Regularly recurring headaches usually signal that something is wrong in our body. Most often they are ascribed to themmalnutrition or high levels of stress. It turns out, however, that fluctuations in blood glucose levels can also be a less obvious cause of headaches or dizziness.

This can happen when your glucose levels regularly exceed the post-meal glucose limit of about 180 mg / dL (hyperglycaemia) or when it falls below 70 mg / dL (hypoglycaemia). Additionally, high glucose levels induce frequent urination of the patient, which may gradually dehydrate the body.

Lack of enough water in the tissues not only translates into an increasing feeling of thirst, dry mouth or dry skin, but also into persistent headaches.

How to protect yourself against diabetes?

Type 1 diabetes, related to autoimmune cell damage, has a genetic background and unfortunately cannot be prevented.

However, the most common variant of the disease, type 2 diabetes, affecting the elderly, is now called a civilization disease, associated mainly with a changing lifestyle. A persistent positive energy balance, a processed diet and reduced physical activity are the direct "perpetrators" of obesity, which affects an increasing percentage of the population, both in Poland and around the world.
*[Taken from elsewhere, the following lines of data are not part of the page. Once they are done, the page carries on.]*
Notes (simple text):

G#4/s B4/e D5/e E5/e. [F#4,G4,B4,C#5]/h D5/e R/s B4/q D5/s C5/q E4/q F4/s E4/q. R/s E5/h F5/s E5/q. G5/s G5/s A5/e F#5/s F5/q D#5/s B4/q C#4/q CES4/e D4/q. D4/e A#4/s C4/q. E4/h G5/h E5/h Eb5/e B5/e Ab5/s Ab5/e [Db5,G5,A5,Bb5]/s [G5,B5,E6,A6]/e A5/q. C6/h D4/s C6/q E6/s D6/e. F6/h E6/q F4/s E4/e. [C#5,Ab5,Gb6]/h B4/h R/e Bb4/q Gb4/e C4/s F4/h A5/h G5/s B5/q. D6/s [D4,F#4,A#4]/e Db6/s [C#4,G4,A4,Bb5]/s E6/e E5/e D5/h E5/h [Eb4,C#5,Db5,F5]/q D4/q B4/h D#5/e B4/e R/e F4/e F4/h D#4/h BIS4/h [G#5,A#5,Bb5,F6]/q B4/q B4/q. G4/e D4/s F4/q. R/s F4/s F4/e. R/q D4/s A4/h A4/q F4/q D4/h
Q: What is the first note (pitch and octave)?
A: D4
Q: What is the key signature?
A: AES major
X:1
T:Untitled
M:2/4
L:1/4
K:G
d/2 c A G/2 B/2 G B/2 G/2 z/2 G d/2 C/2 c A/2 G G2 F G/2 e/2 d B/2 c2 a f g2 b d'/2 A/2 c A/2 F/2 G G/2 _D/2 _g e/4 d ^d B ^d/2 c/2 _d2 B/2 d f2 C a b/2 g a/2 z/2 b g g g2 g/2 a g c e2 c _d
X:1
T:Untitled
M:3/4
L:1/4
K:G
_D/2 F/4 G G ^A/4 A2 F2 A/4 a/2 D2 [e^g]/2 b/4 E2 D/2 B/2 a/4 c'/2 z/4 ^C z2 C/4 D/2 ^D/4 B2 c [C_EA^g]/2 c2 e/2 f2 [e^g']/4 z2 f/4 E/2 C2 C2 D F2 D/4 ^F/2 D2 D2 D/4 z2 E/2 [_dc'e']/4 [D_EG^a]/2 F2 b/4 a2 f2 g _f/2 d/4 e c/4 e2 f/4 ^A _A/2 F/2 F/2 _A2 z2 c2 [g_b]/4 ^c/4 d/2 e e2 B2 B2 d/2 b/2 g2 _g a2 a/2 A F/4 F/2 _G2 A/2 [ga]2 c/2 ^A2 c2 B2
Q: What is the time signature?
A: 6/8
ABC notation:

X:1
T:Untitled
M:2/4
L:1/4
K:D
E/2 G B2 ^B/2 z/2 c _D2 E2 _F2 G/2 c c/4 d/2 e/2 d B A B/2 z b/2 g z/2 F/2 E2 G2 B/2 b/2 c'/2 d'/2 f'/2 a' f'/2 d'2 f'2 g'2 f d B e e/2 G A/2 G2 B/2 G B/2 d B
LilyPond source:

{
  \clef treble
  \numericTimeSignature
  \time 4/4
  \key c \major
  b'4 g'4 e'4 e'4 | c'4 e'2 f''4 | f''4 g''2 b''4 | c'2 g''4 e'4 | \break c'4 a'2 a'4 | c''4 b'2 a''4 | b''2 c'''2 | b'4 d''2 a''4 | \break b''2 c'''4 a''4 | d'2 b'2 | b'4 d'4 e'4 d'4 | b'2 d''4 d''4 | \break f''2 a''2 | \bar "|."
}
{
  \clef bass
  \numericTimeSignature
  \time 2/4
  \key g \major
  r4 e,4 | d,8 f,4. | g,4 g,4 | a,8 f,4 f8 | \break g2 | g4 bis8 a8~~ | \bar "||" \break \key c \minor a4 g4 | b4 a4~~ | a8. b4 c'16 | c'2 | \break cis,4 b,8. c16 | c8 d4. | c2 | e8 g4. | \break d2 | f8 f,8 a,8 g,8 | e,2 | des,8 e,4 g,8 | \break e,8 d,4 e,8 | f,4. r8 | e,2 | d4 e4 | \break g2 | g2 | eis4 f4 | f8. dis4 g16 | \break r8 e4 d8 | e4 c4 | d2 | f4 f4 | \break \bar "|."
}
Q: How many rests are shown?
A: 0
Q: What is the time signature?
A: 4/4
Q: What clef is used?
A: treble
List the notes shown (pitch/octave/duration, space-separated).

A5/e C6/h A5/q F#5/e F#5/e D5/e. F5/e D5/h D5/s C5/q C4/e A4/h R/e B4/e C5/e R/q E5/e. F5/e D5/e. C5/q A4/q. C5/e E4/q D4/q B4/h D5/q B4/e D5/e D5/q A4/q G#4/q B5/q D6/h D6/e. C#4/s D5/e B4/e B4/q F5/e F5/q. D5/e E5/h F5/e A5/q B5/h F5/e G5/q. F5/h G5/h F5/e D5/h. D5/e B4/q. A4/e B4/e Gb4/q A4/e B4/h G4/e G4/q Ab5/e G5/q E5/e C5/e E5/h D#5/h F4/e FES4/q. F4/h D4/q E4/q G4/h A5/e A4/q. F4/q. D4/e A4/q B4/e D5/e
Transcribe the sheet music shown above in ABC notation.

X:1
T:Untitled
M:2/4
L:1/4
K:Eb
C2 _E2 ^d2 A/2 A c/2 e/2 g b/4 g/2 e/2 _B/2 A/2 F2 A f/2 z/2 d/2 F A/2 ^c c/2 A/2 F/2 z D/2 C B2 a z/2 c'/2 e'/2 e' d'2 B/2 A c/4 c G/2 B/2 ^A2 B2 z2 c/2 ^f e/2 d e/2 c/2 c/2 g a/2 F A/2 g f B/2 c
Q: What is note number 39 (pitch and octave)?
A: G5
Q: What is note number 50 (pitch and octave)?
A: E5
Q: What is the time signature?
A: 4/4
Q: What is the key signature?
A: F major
Scientific research indicates that excess body weight is the greatest risk factor for the development of non-insulin-dependent diabetes. As many as 90% of people diagnosed with type 2 diabetes are overweight or severely obese. Unfortunately, a certain "curse" of metabolic diseases, including diabetes, is their strong impact on the entire body, which results in a number of he alth complications.

Patients who try to get out of the "vicious circle" and lose weight usually struggle with the problem of insulin resistance, which makes it difficult to regain a proper weight. So it is better not to neglect your he alth and physical condition for many years.

Of course, regular diagnostic periodic examinations are essential. It is also worth paying attention to less characteristic symptoms and subtle changes in the functioning of our body - they can be very helpful in the early diagnosis of dangerous diabetes.